Les premiers bénéficiaires de cette passion américaine pour les armes à feu restent bien entendu les fabricants d’armes. Les armuriers ont mis sur pied une industrie d’une valeur de 8 milliards de dollars, et ce secteur demeure l’un des plus obscurs de l’économie étatsunienne. Les deux principaux fabricants, Ruger et Smith & Wesson, sont côtés en bourse et doivent donc dévoiler les résultats financiers. Pour leurs concurrents privés en revanche, les chiffres sont inconnus.

Plutôt que de reconnaître les implications de leur activité et d’agir en conséquence, avec de la prévention au grand public par exemple, les armuriers n’ont fait qu’aggraver la situation. Ils ont notamment commercialisé des fusils d’assaut proches de certains modèles militaires, comme celui utilisé lors de la tuerie de masse qui a coûté la vie à 22 personnes à El Paso. En 1994, le Congrès des États-Unis avait voté une loi interdisant la vente d’armes d’assaut pour une durée de dix ans, mais l’interdiction n’a pas été renouvelée par la suite. Au lieu d’accepter cette restriction a priori raisonnable, les fabricants d’armes à feu et leurs alliés ont en effet préféré se mobiliser pour éviter le renouvellement de la loi en 2004, et s’emploient régulièrement à bloquer les initiatives visant à interdire de nouveau la vente de fusils d’assaut.

Les fabricants d’armes à feu déclinent toute responsabilité pour la distribution ou la vente de leurs produits, préférant fermer les yeux sur l’attribution des armes à feu aux États-Unis. En renonçant à s’engager dans la surveillance du secteur, les armuriers évitent ainsi toute implication dans le développement de procédures concernant la vérification des antécédents des acquéreurs, les délais d’attente ou les défilés d’armes.

À ce sujet, les fabricants d’armes à feu se sont trop souvent reposés sur la NRA afin de contrecarrer le contrôle des armes. Avec plus de 5 millions de membres et 400 millions de dollars de recettes annuelles, la NRA et ses alliés représentent l’une des forces politiques les plus puissantes du pays. Ils soutiennent par ailleurs financièrement non loin de 300 membres du Congrès des États-Unis. Il y a 50 ans, dans une publication intitulée « Americans and Their Guns » publiée en 1967, la NRA affirmait qu’elle n’était « affiliée à aucun fabricant d’armes ou de munitions, ou tout autre revendeur ou marchand d’armes à feu et de munitions ». Depuis, cette position indépendante a bien évolué. Selon des documents de la NRA, l’association reçoit chaque année le soutien financier d’environ 30 armuriers. 

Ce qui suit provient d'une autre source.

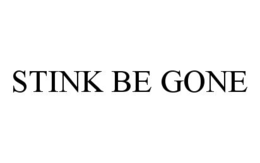 STINK BE GONE trademark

Et maintenant ? Alors que le débat fait rage au lendemain de nouvelles fusillades, le Congrès des États-Unis se doit d’exiger une plus grande transparence financière de la part des fabricants d’armes américains et européens, avec notamment un état des lieux plus clair de leurs liens avec la NRA. De plus, les militants pour un renouvellement de l’interdiction des armes d’assaut et d’autres réformes de bon sens doivent davantage attirer l’attention du public sur l’effet néfaste des armuriers dépourvus d’éthique qui placent le profit avant la sécurité des citoyens.